All this noise was thrown into to sharp relief later that evening as I walked up Jamaica Street towards The Liverpool Festival of Psychedelia 2014 that was taking place in Camp & Furnace. A quarter of a mile away I could hear the rumble of bass loud enough to rattle windows and a guitar solo that started as it meant to go on – forever.
I stop off in The Mad Hatter’s Brewery for a fortifying pint and resolved, one day, to make a proper evening of it in there. Having finished that pint I ventured the final few hundred yards to the festival and into Greenland Street.
Walking into the venue I could feel the floor shudder under my feet with the noise.
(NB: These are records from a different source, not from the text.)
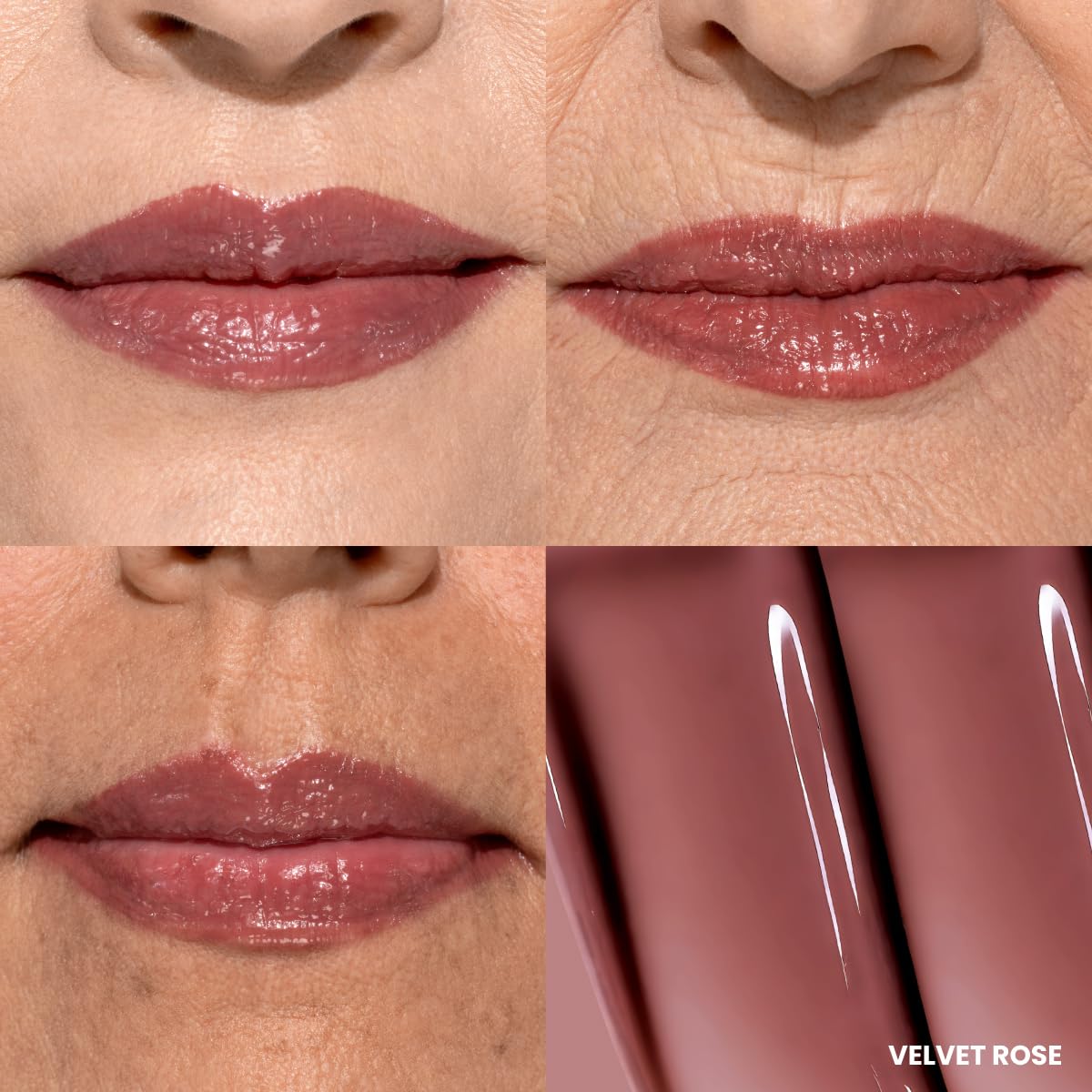 PRIME PROMETICS on mature lips demonstrating natural-looking volume and color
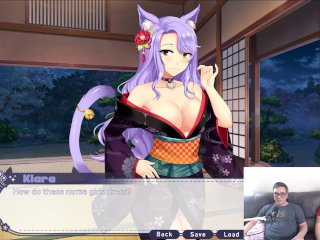 Sexy Neko-Nurse Catgirl Kiara And My Ara Ara AdventureEp.2 Funny Gameplay Commentary
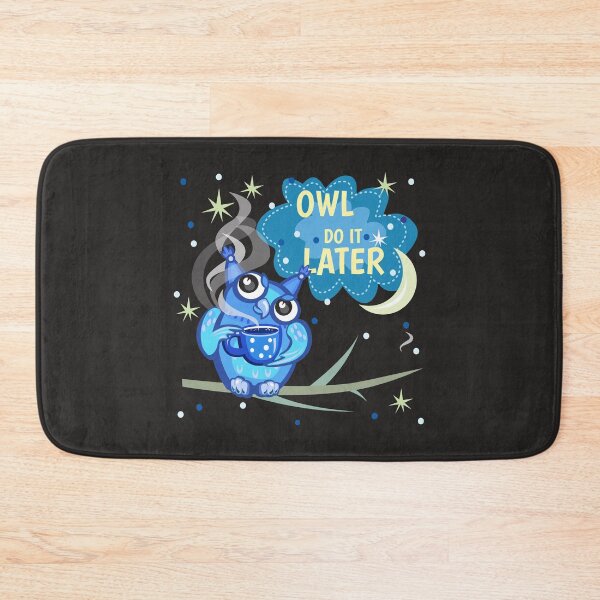 Item preview, Owl do it later designed and sold by Mande Arts.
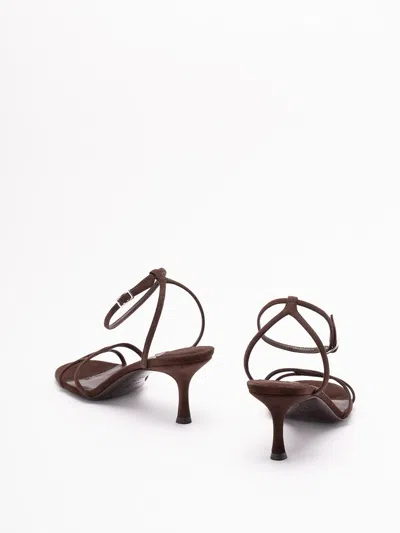Jimmy Choo 1998 Leo Suede Ankle-strap Sandals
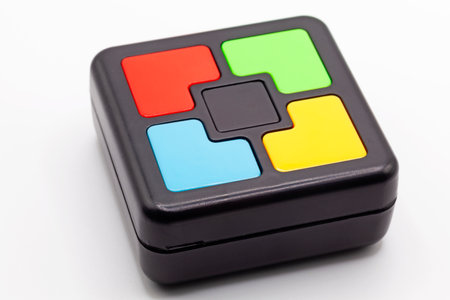 Memory game for children with different lights that light upの写真素材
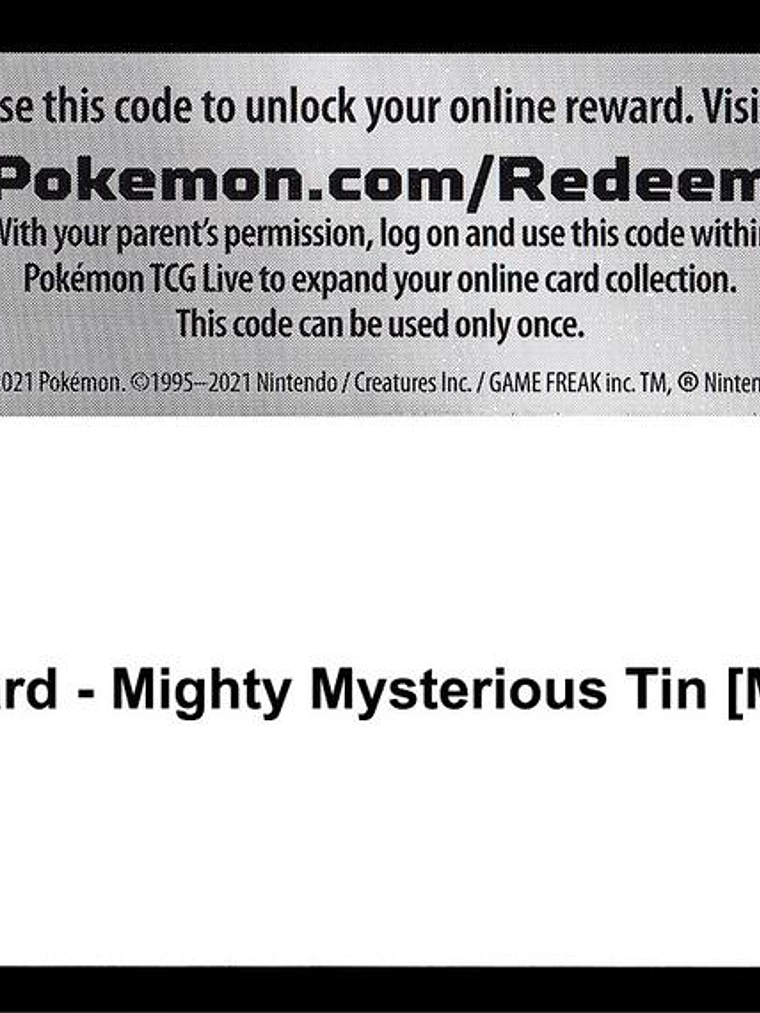 Code Card - Mighty Mysterious Tin [Mimikyu] 1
I bought myself a drink and the whole transaction was conducted in sign language. There was no point trying to say anything. Anything that could be said was swallowed up in the maelstrom of pure noise that was coning from the stage. I moved closer to see what was going on.
In Spinal Tap they doctor the lettering on the amplifiers so the volume knob goes up to 11. Saturday night in Camp & Furnace and they had been a bit more methodical about it. Someone had obviously taken the amplifiers apart and had a go with their insides with a spanner and screwdriver and rewired them so the volume had nowhere else to go but be a little a bit louder and then loud some more when a guitar was hit with sufficient force. So far as I could tell the floor was solid concrete but every so often it would shake as another wall of noise crashed through the room and I could feel the crease in my trousers vibrate.
There were three bands I wanted to see and leading up to them and in-between times I watch a half dozen or so other bands who all seemed intent on seeing how far they could push the “How loud can I go” experiment.
Five years ago I was taken to see a band called God is an Astronaut. There were three of them on stage with a video behind. Each song started quiet for a minute or two before getting louder and louder and then louder some more. All the while the video behind the band showed pictures of bigger and bigger bombs going off. There were parts of Saturday night that took me back to that gig.
Fortunately there was a bar selling real ale so as I moved from stage to stage watching different bands see how loud they could go I was able to keep myself fuelled with pints of Liverpool Summer Ale until the first of the three bands I wanted to see came on.
Any band that calls itself September Girls is selling itself to me even if they can’t spell Gurls right. When they are five women from Dublin playing spiky guitars and songs that seem to crash into each other then all is alright. Mix into that the added bonus of songs that last for three minutes or less then we almost have the highlight of the evening. John Peel would have liked them.
After that it was Woods. I have managed to pick up three of their albums over the last couple of years. They are difficult to put into a pigeonhole but they could be heading towards being one of the best American bands. They shook things up on Saturday night by turning the volume down and taking out an acoustic guitar for a while. They were the best band of the night for me.
After Woods the volume went up again and there were a couple more bands to be got through before we got to Goat who came on stage about 1.30am. They played a shamanistic blend of funk, hi-life, Jimi Hendrix guitar which every so often had the potential to shift into some sort Grateful Dead like gear into the cosmos and all the time wearing masks. The volume went up and at times it felt as if my ears had shredded but then they went a little bit louder and I could still hear so all was okay. It all got very hot and sweaty and I found myself wondering how many other lawyers there were down the front jerking around to to the music. I should really be doing something else with my life.
After that there was a happy 45 minutes spent trying to find a taxi home and all the time marvelling over the people in Liverpool at 3.00 in the morning.
Tea before I went out was fish’n’chips. They were very good.